For each army, draw one card from each deck and do what it says. Fast actions happen before regular or slow actions, move happens before cover and cover before strike. There are no decisions to be made in this phase: it’s fully automatic.

In the campaign mode, you move on to the next scenario whether you win or lose. Winning will give you small rewards. Losing will give you a small penalty. The leaders of the armies can be defeated, in which case they will be permanently removed from the campaign. If a macaw leader dies, macaws will be slightly disadvantaged in the future scenarios. There’s thus some permanence to the campaign.

There’s also a two-player skirmish mode, where players command their armies using the same order cards, but instead of a blind draw, players get to choose their orders.

Lucky or skillful? Seems like a good mix of luck and skill. Players need to have a strategy, but sometimes the armies can do surprising things.

Abstract or thematic? The theme is strong. The different animalfolk behave in different ways, and the players must influence the armies in a subtle way. The illustrations are really charming.

Solitaire or interactive? Fairly usual co-op in this regard: players must co-operate to do well, but there’s nothing to stop one player from dominating the game. The game also works as a solitaire game, there’s no hidden information between players.

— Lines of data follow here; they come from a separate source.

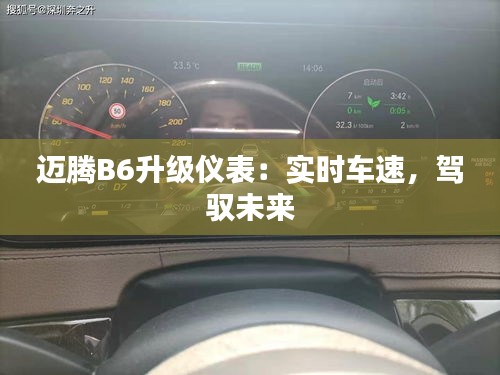 迈腾B6升级仪表：实时车速，驾驭未来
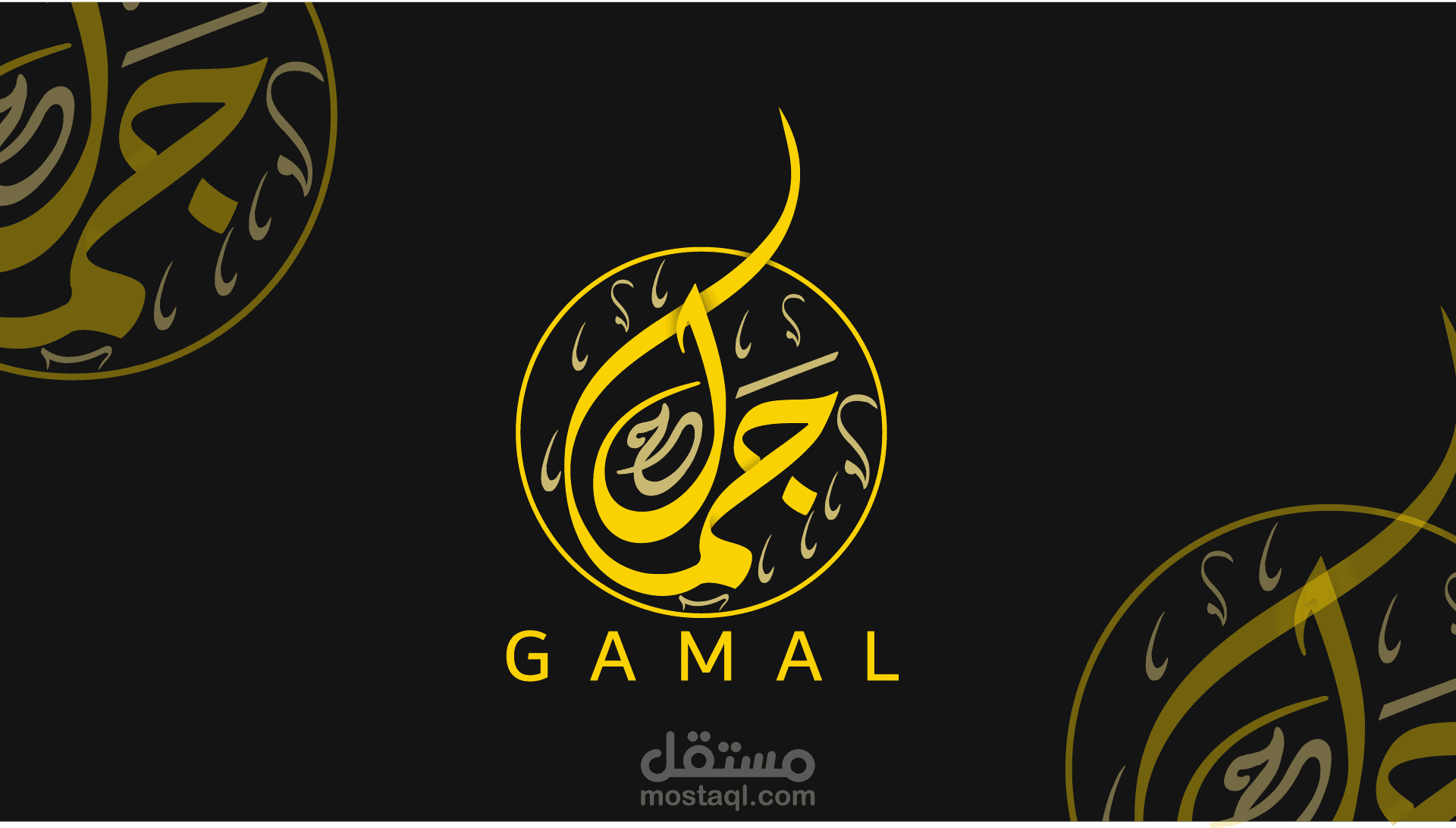 اسم جمال بالخط العربي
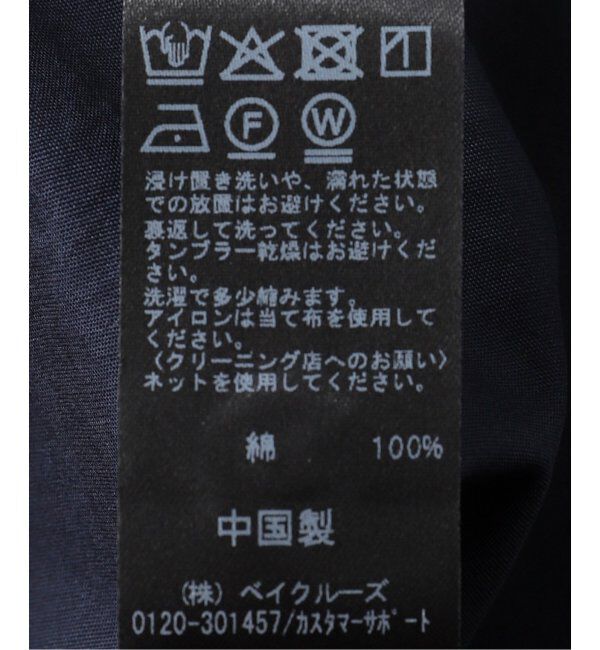 JOURNAL STANDARD relume「フレンチスリーブワンピース」|ワンピース|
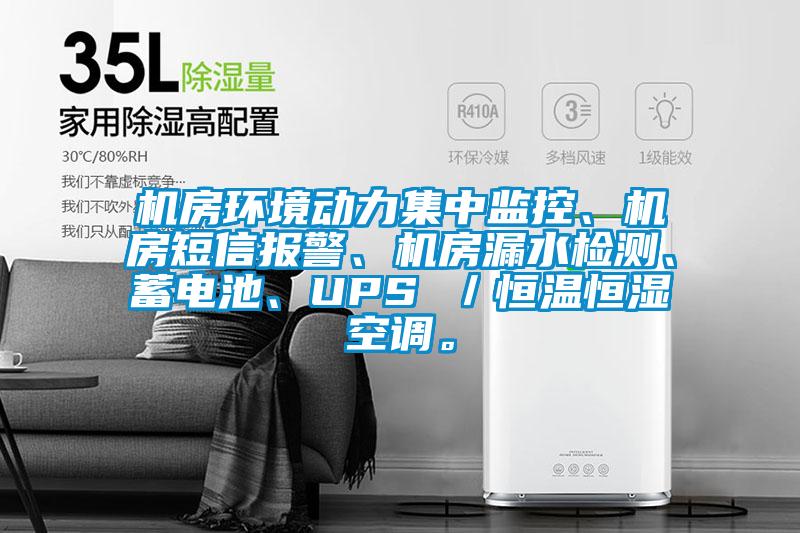 機(jī)房環(huán)境動(dòng)力集中監(jiān)控、機(jī)房短信報(bào)警、機(jī)房漏水檢測、蓄電池、UPS ／恒溫恒濕空調(diào)。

Players: 1–4. There’s a good balance: players get a total of four cards per turn. In solo game, you get four cards and can do more, but have to spend more cards moving around. With more players, you can split the responsibilities, but have less means per player to actually achieve something.

Who can play? Age recommendation is 14+. There’s no particular reason why younger players couldn’t participate, but for smooth gameplay, having an experienced adult controlling the armies is a good idea.

What’s to like: The peaceful premise is something I haven’t seen before; the campaign mode keeps the game interesting; the art is lovely.

What’s not to like: It’s a co-op campaign, so if you don’t like that, this may not change your mind.

My verdict: I generally don’t like co-op games or campaign games. Pandemic Legacy was really thrilling at first, but we never finished the campaign. Mechs vs Minions was more successful: I played the whole campaign. Dawn of Peacemakers is more Mechs vs Minions than Pandemic Legacy to me.

Having players put in between two opposing forces, trying to keep them in check, is a brilliant idea. The peacemakers can be quite cynical and even violent, but the goal is interesting and unique in my collection. As the gameplay goes, it’s an interesting puzzle to figure out the way to reduce the motivation for the armies enough, but not too much.

On the scale of Enthusiastic, Suggest, Indifferent or Avoid, Dawn of Peacemakers gets Suggest from me right now, with potential for Enthusiastic. I will definitely back this game.